■ PROVIDED MATERIAL ■
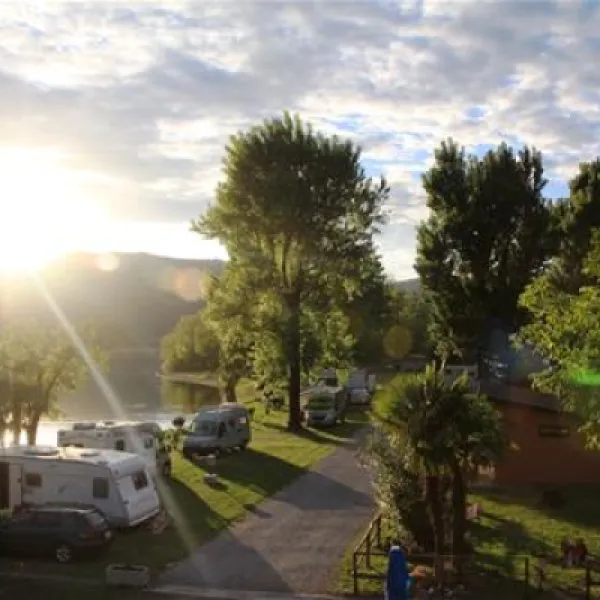 camping-paradiso-lago-melano-irbjr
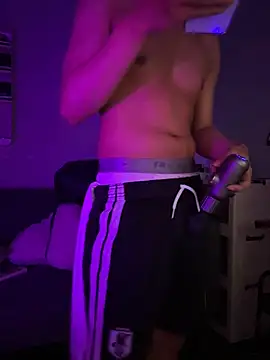 boyhigh1997 – Naživo XXX chat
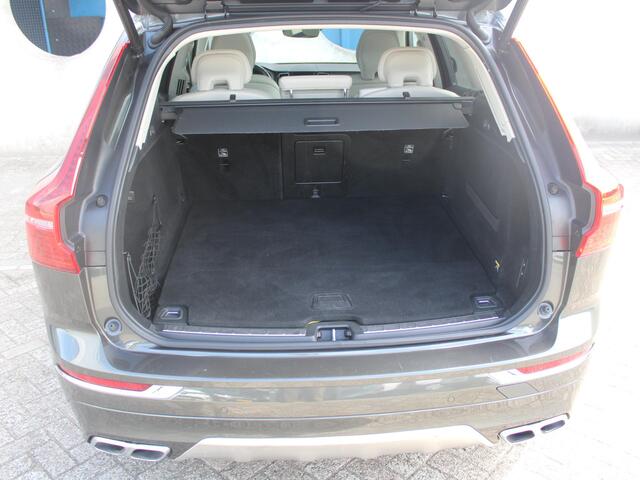 Volvo XC60 2.0 T8 Twin Engine AWD Inscription | ELEKTRISCH SCHUIFDAK | LEDEREN BEKLEDING |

■ WORK INSTRUCTION ■
Transcribe every line of the data exactly. No pictures go in the copy.

■ YOUR RESPONSE ■
 camping-paradiso-lago-melano-irbjr
 boyhigh1997 – Naživo XXX chat
 Volvo XC60 2.0 T8 Twin Engine AWD Inscription | ELEKTRISCH SCHUIFDAK | LEDEREN BEKLEDING |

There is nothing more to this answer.